Assignment: No pictures go into the copy. Write out exactly the lines below from the one containing "1.2m Pre-Lit Potted" through the one containing "Desa CFS24NVC VS30N, B, C".
┌─ Listed entries
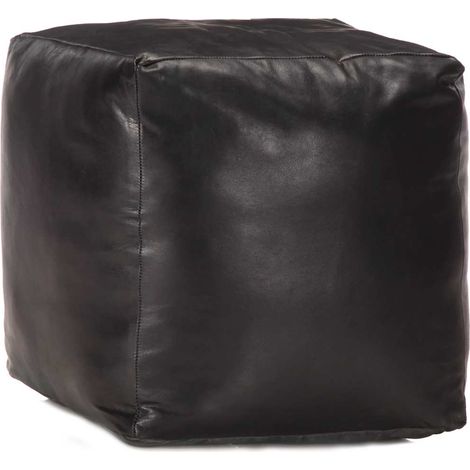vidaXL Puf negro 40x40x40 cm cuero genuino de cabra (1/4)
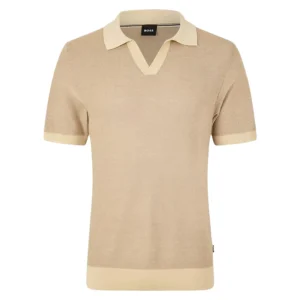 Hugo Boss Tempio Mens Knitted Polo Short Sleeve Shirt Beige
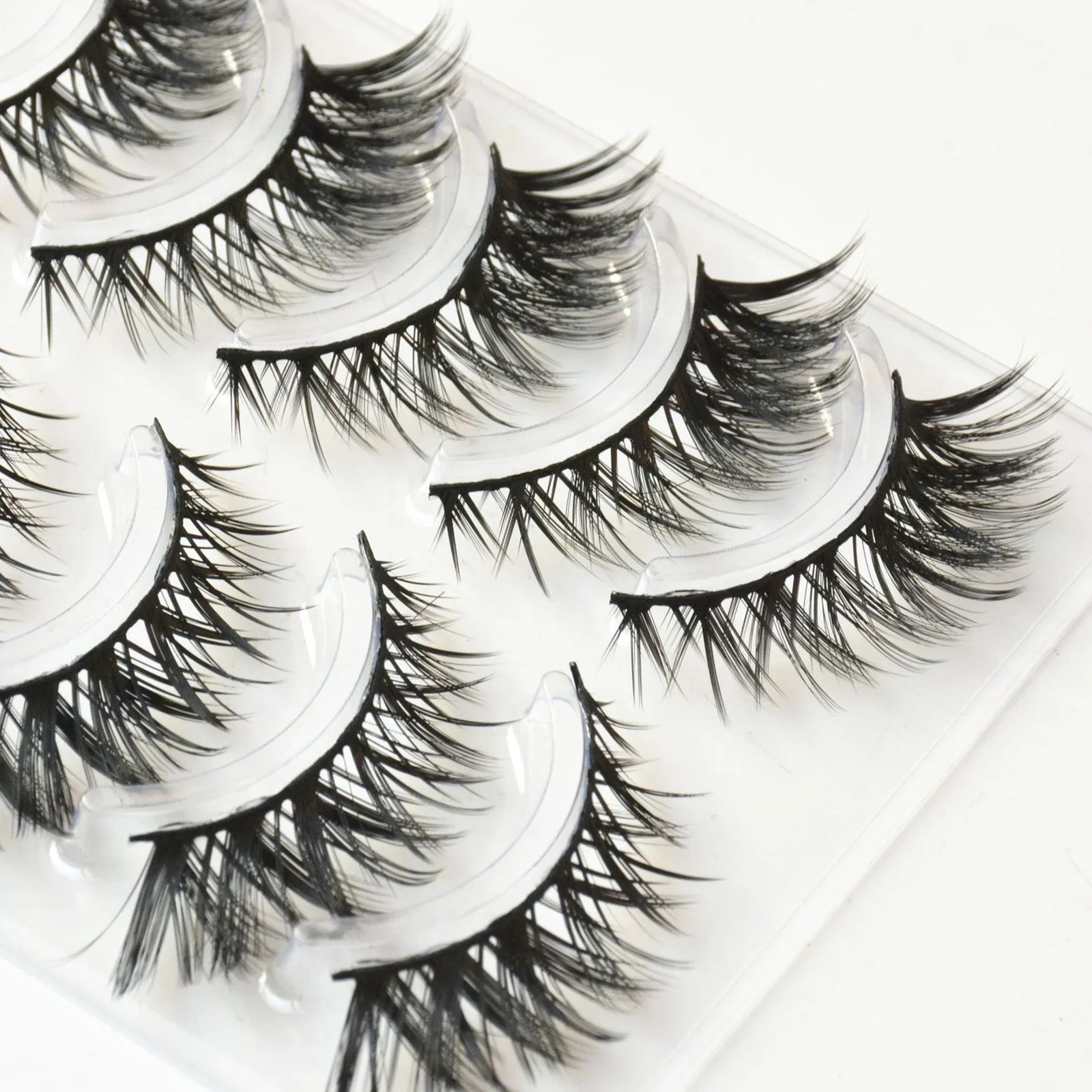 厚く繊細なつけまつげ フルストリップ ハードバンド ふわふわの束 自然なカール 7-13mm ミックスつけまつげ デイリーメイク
└─
┌─ Listed entries
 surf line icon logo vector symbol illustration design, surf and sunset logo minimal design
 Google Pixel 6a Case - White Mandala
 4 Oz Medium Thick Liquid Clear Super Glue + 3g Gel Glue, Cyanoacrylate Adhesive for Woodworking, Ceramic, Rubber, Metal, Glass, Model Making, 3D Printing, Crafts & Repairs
└─
┌─ Listed entries
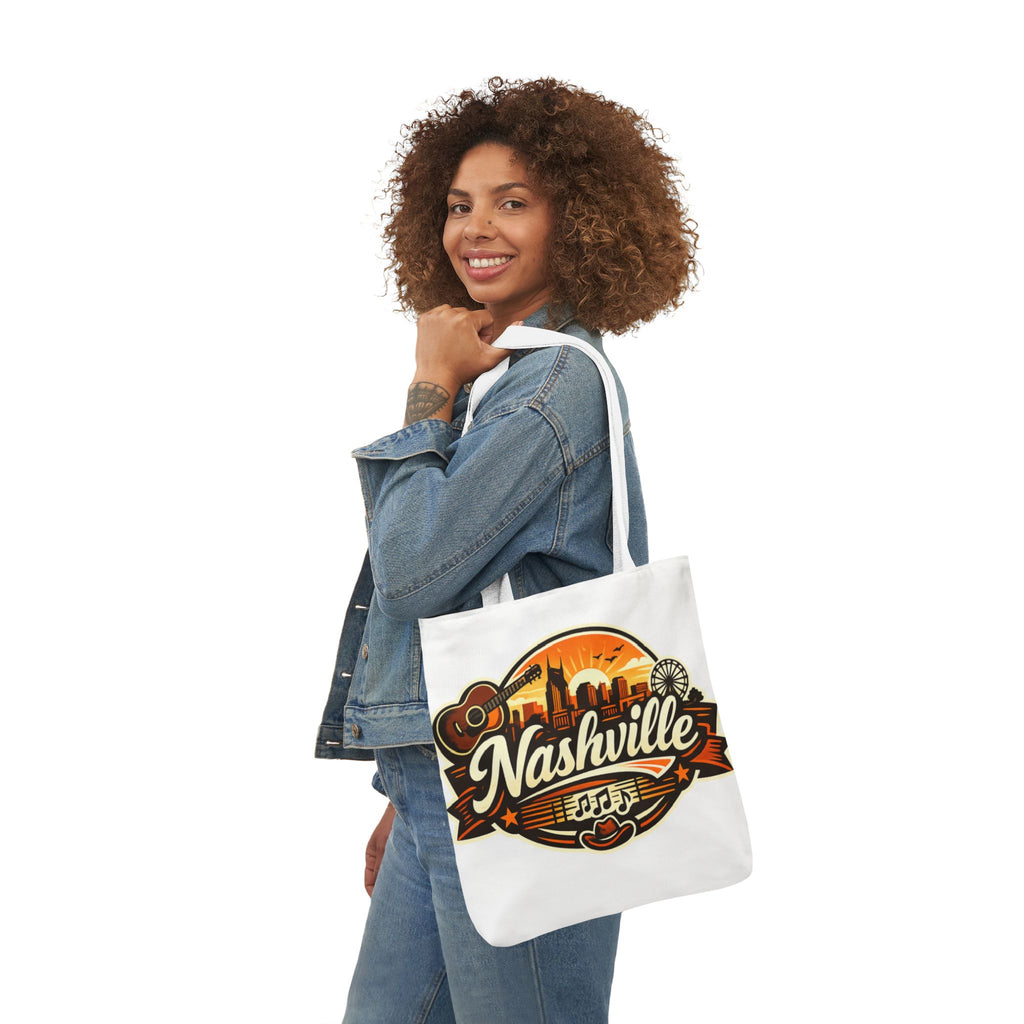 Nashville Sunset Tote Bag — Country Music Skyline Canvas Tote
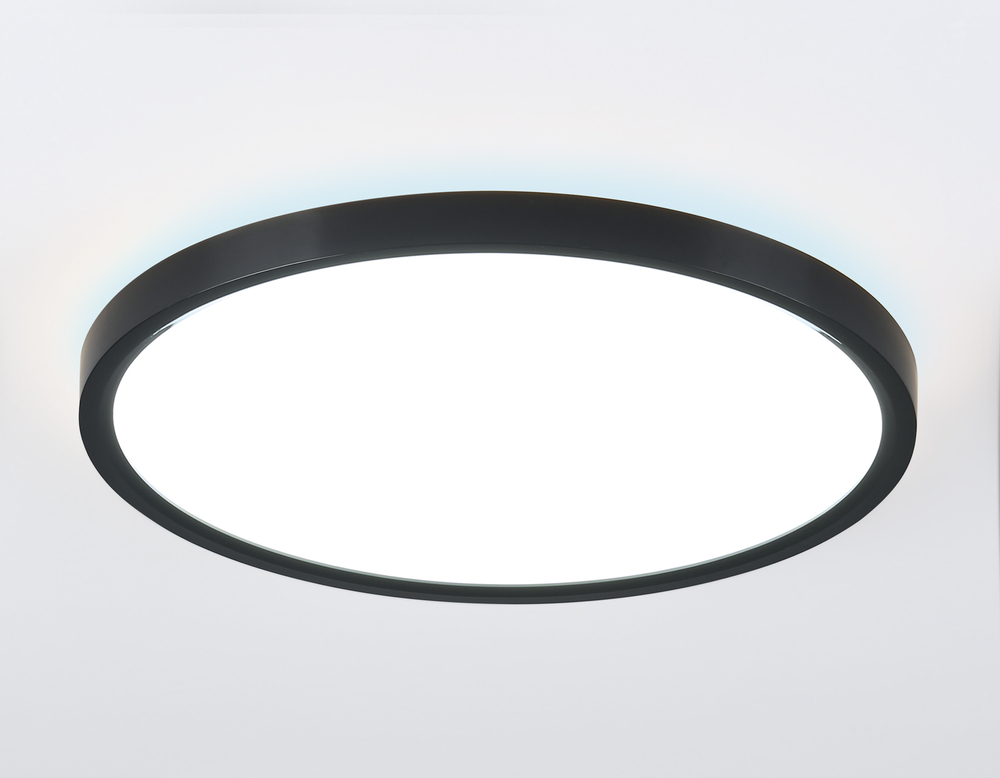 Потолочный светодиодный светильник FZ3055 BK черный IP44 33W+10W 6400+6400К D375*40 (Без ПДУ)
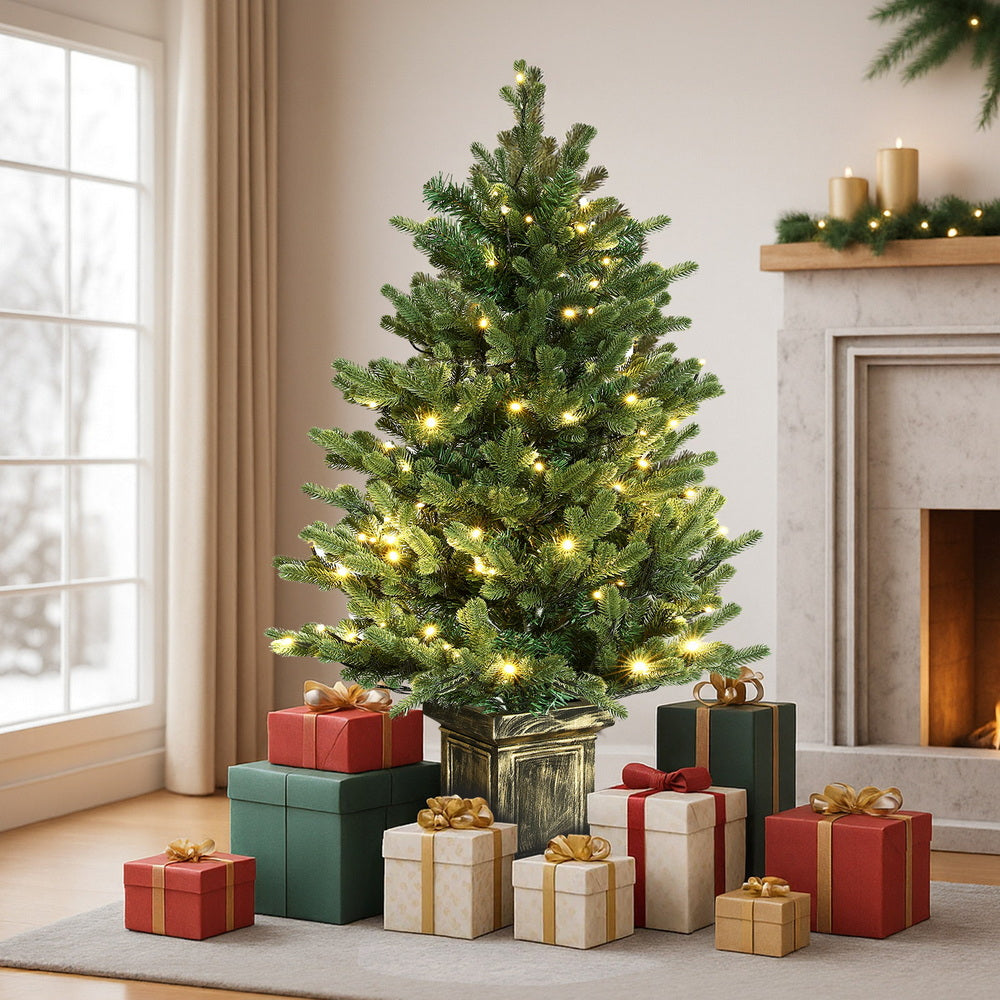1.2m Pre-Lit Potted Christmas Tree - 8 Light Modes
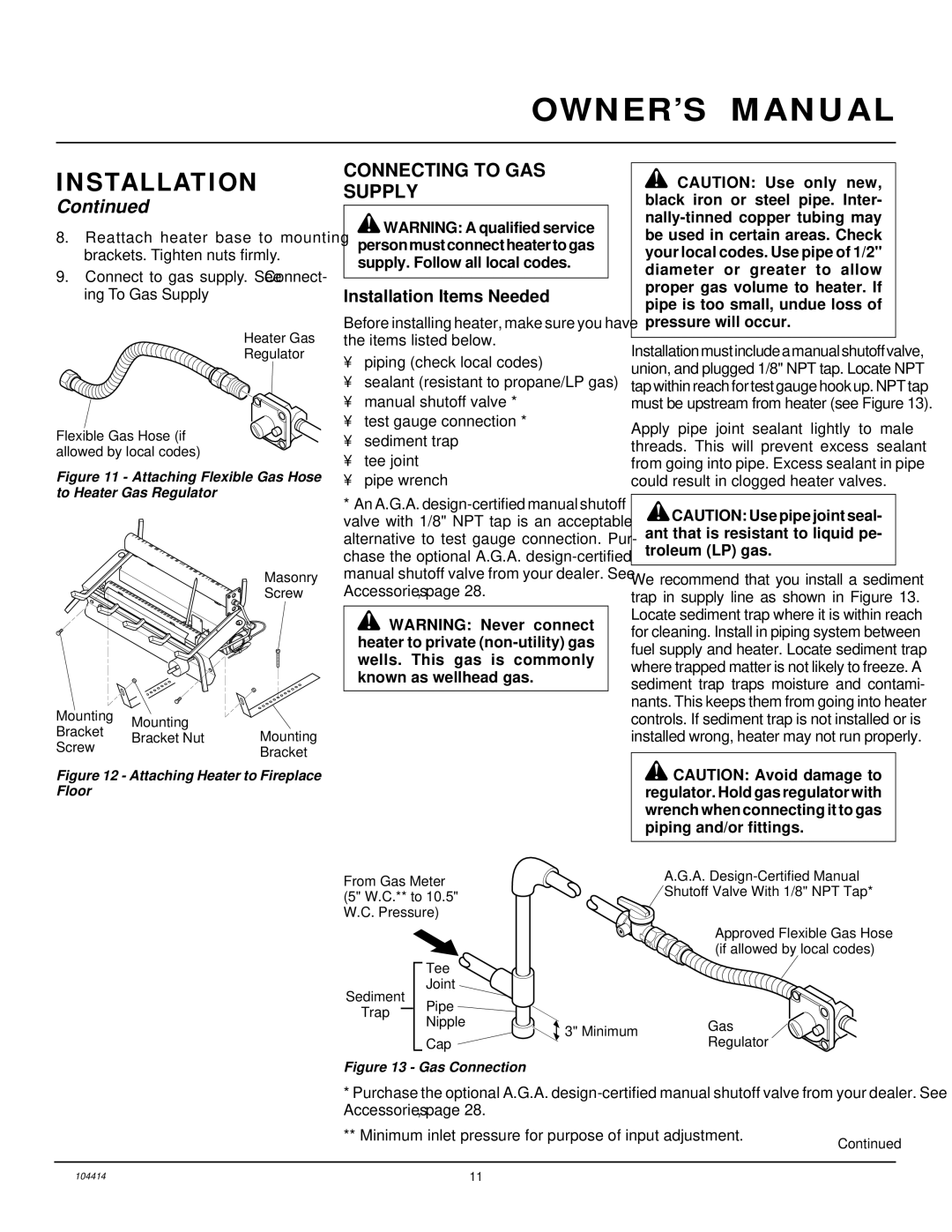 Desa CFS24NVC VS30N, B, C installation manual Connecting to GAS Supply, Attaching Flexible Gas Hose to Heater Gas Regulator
└─
Solution to the problem:
1.2m Pre-Lit Potted Christmas Tree - 8 Light Modes
 Desa CFS24NVC VS30N, B, C installation manual Connecting to GAS Supply, Attaching Flexible Gas Hose to Heater Gas Regulator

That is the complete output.